--- START ---

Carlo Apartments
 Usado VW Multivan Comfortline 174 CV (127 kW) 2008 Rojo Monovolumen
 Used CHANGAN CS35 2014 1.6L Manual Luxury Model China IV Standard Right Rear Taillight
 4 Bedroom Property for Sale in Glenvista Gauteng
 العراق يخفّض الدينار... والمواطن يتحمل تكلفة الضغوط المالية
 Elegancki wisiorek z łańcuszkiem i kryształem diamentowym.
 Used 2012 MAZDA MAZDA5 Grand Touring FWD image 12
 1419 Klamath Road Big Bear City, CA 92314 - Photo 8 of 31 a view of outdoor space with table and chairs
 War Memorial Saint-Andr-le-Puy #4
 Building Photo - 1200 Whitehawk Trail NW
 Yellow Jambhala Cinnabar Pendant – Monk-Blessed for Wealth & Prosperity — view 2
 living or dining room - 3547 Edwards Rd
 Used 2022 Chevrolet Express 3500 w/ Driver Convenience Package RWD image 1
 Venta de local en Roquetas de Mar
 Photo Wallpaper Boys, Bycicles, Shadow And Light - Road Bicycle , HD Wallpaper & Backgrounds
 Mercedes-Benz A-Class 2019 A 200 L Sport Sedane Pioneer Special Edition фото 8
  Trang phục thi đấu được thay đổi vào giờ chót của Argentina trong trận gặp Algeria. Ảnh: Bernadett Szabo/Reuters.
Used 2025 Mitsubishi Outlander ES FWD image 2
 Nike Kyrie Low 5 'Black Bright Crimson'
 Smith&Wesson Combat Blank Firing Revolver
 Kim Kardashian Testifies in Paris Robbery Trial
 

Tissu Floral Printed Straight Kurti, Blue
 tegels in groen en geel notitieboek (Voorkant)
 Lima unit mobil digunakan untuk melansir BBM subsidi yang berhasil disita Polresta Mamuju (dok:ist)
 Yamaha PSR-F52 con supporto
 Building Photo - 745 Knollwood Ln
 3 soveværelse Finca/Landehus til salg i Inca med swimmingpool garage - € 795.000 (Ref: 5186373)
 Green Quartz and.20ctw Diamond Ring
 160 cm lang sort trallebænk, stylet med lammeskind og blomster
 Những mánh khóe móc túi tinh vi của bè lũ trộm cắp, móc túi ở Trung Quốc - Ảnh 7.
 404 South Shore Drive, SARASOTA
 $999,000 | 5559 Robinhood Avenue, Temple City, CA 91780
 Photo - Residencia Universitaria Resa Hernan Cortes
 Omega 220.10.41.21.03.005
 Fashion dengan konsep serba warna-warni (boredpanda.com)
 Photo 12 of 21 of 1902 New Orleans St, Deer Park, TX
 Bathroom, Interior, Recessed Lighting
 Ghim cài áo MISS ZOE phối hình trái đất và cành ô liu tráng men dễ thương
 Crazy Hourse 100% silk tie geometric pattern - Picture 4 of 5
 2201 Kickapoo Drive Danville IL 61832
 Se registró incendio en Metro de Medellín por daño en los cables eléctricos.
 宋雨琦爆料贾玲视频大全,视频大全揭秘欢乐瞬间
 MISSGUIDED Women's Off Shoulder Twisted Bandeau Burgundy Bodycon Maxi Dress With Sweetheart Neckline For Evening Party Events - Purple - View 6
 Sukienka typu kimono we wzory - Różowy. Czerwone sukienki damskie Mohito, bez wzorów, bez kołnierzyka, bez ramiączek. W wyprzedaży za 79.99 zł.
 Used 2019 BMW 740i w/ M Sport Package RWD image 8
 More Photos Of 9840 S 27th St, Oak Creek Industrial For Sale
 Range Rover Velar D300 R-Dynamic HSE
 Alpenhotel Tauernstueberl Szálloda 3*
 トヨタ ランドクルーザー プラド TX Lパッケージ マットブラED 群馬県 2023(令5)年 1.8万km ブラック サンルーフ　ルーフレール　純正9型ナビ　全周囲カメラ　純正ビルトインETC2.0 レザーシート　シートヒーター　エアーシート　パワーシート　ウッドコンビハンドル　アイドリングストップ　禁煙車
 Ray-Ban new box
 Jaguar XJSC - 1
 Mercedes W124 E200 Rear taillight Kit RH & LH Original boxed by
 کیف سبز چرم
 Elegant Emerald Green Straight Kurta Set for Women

--- END ---

• [THE PROBLEM]
Copy out all lines from the records where the word "Rear" appears.

• [COMPLETED TASK]
 Used CHANGAN CS35 2014 1.6L Manual Luxury Model China IV Standard Right Rear Taillight
 Mercedes W124 E200 Rear taillight Kit RH & LH Original boxed by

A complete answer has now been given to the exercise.